Wir beginnen mit einem Happy End. Denn wenn Sun Yitian nach ihrem Lieblingsmotiv in der neuen Pre-Fall Women’s Collection von Louis Vuitton gefragt wird, kommt eine Feel-Good-Story, für die wir uns eigentlich die Filmrechte sichern sollten. Drei Jahre ist es her, als vor dem Atelier der Künstlerin ein Hundewelpe unter das Rad eines Trucks geriet. „Ein Strassenhund, wie man sie überall in den ländlichen und urbanen Gebieten von China findet“, berichtet Yitian. Sie befreite das Tier aus seiner misslichen Lage und wurde mit einer zarten Freundschaft belohnt: „Sie wurde zur wichtigsten Begleiterin in meinem Leben. Die Hündin kam jeden Tag in mein Atelier und begleitete mich beim Malen. In ihren Augen sah ich, dass sie jemanden braucht, der sich um sie kümmert.“ Nicht nur sorgte sich Yitian fortan um ihre neue Gefährtin, sie verewigte ihren Hundeblick als Gemälde für die Bilderreihe „Peep Into Two Worlds With One Eye“. Diese dient jetzt Louis Vuitton als Grundmotiv für ein neues Sortiment von Kleidern, Leder-Accessoires und Parfums. So brachte es diese traurig schauende Streunerin vom Autounglück zum Luxus-Gassi um die ganze Welt. „Einst hatte sie kein Zuhause. Als sie dann auf einer Louis-Vuitton-Tasche auftauchte, empfand ich das als magisches Gefühl“, freut sich Sun Yitian.
Inspiration aus der Kindheit wird zum Kunsthandwerk
Der transformativen Kraft von Kunst wurde sich die Chinesin im jungen Alter bewusst: „Einmal bin ich nach einem Mittagsschlaf im Kindergarten aufgewacht und habe eine Prinzessin für meine KlassenkameradInnen gemalt. Mit einer Schere schnitt ich kleine Lücken in den Rock der Figur und hielt das Bild gegen die Sonne. Der Rock schien zu leuchten und die KlassenkameradInnen waren völlig überrascht und glücklich“, erinnert sich Yitian. „In diesem Moment war mein Interesse am Malen geweckt. Nach all den Jahren hat sich seit diesem Nachmittag im Kindergarten nichts geändert. Jeden Tag, wenn ich aufwache, möchte ich malen und die Leute mit meinen Bildern glücklich machen.“ Inspiration findet sie dort, wo andere nur Plunder wähnen. Knallfarbiges Plastikspielzeug, das von Fabriken in Massen herausgepumpt wird, inszeniert Yitian fotografisch als Stilleben und übersetzt dieses mit Acrylfarbe auf die Leinwand. Was wir einst als Kind in den Händen hielten, tritt jetzt als überlebensgroße Ikone in unser Bewusstsein zurück. Nicht länger als unbeschwerter Zeitvertreib, sondern Symbol für die Probleme unserer Welt: Massenproduktion, Überkonsum, Schnelllebigkeit.
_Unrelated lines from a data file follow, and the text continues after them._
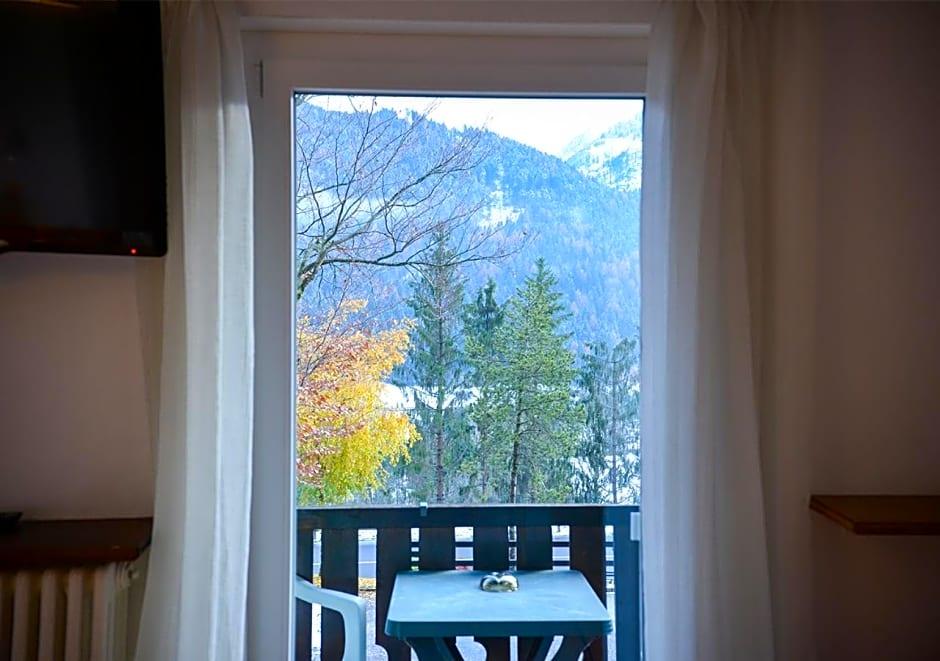HOTEL REGINA DELLE DOLOMITI 5/81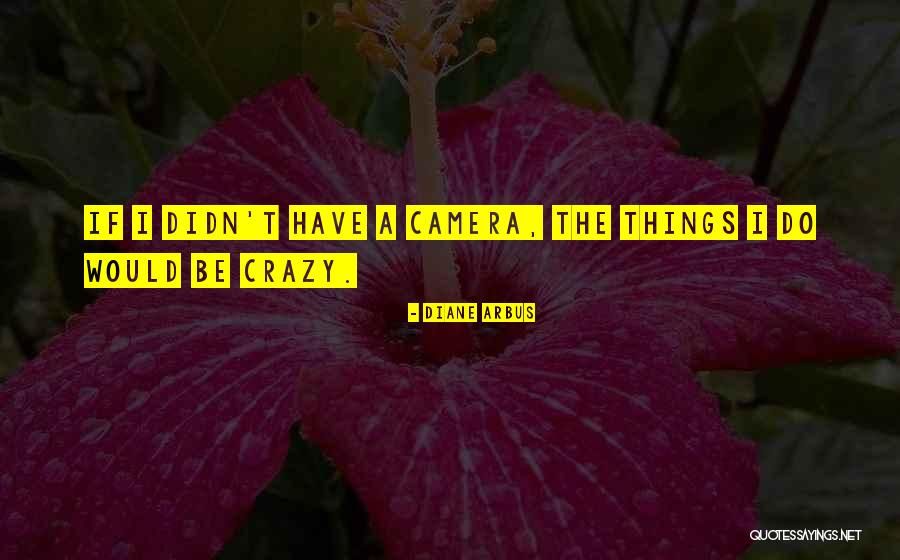 Mounts Ford Quotes By Diane Arbus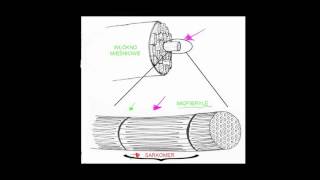 Anatomia mięśni szkieletowych [upl. by Brian]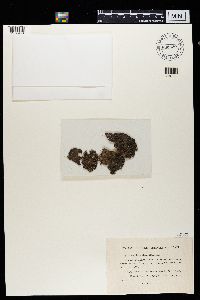 Lasallia pertusa image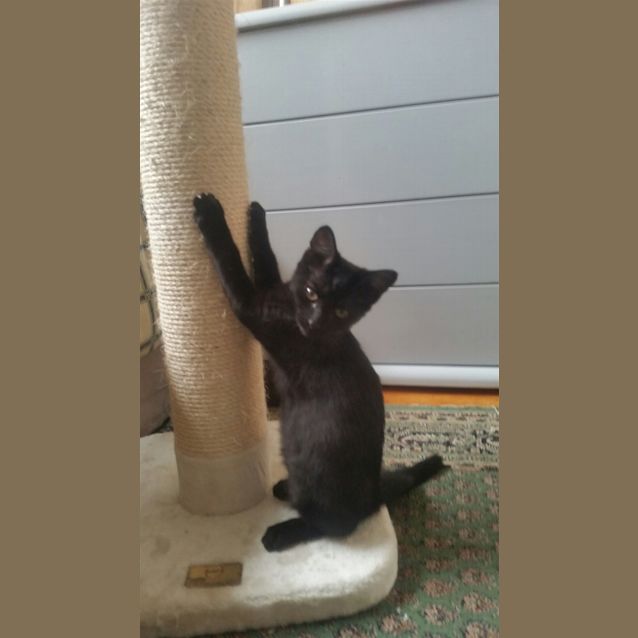 Photo of Ebony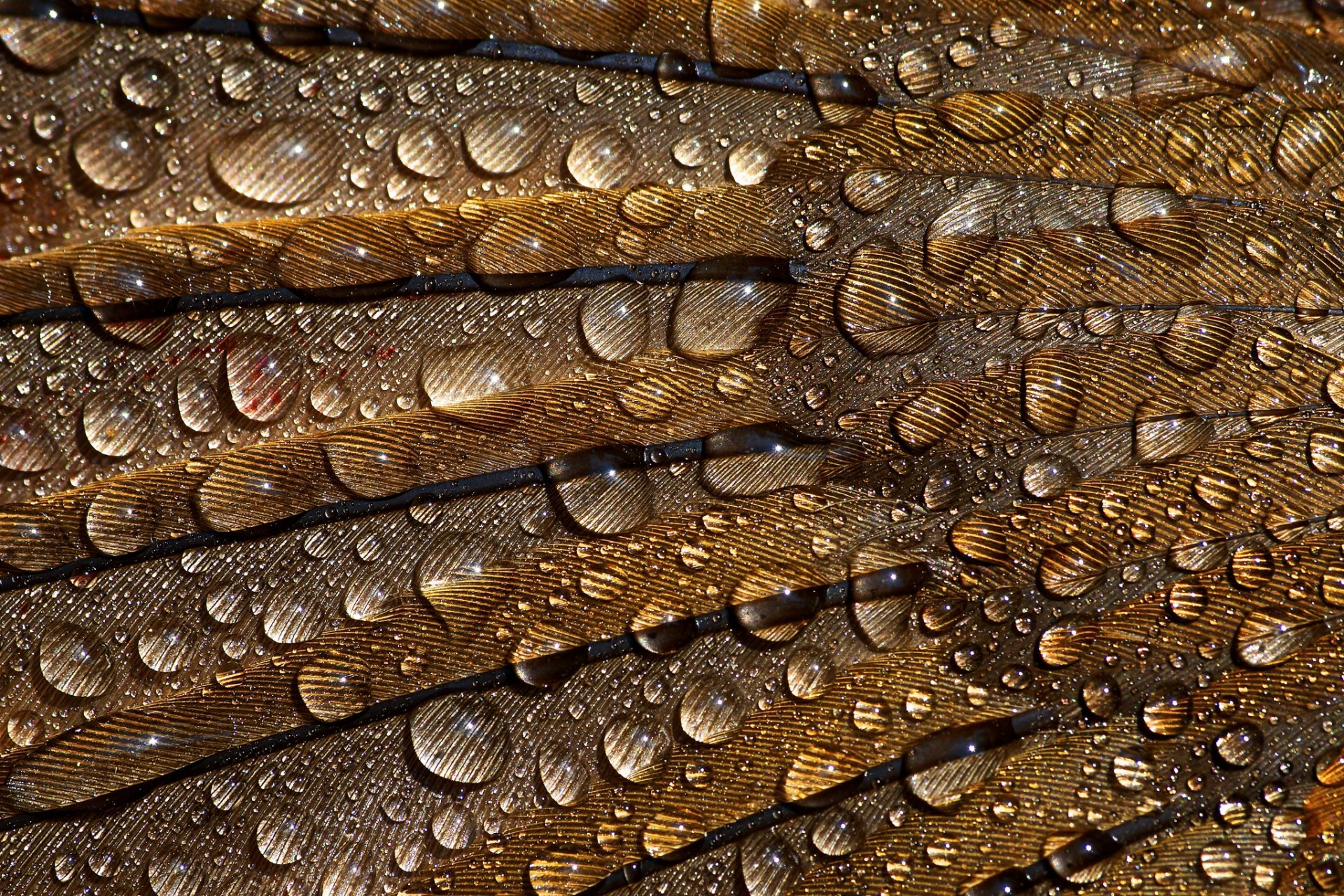 feathers drops close up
Doch durch die Sorgfalt und Grandezza, die Yitian ihren Motiven zuteil kommen lässt, werden diese negativen Etiketten abgerissen und das billige Banale verwandelt sich in strahlendes Kunsthandwerk. Lange bevor Kens Mojo Dojo Casa House im vergangenen Kinosommer unsere Feuilletons beschäftigte, regten Yitians Malibu gebräunte Puppenköpfe im Museum zum Nachdenken an. Gegenwartskunst „Made in China“ hat durch das Werk von Sun Yintian internationale Strahlkraft gewonnen. Ihre Bilder finden sich inzwischen in Museen und Kunstsammlungen Europas, Australiens und Amerikas. Und haben prominente Fans gewonnen – wie Louis Vuittons Artistic Director Nicolas Ghesquière. Als im vergangenen Herbst Yitian in der Pariser Esther Schipper Galerie ausstellte, wurde sie vom Luxusmodehaus zu einer Zusammenarbeit eingeladen. „Mir wurde eine Auslage von Stoffen gezeigt, die durch die Farben meiner Arbeiten inspiriert waren. Ebenso meine gedruckten Werke auf verschiedenen Materialien. Ich bewunderte die Kreativität und Effizienz der Marke und konnte vieles über die exquisiten Produktionstechniken lernen”, beschreibt Yitian das initiale Rendezvous.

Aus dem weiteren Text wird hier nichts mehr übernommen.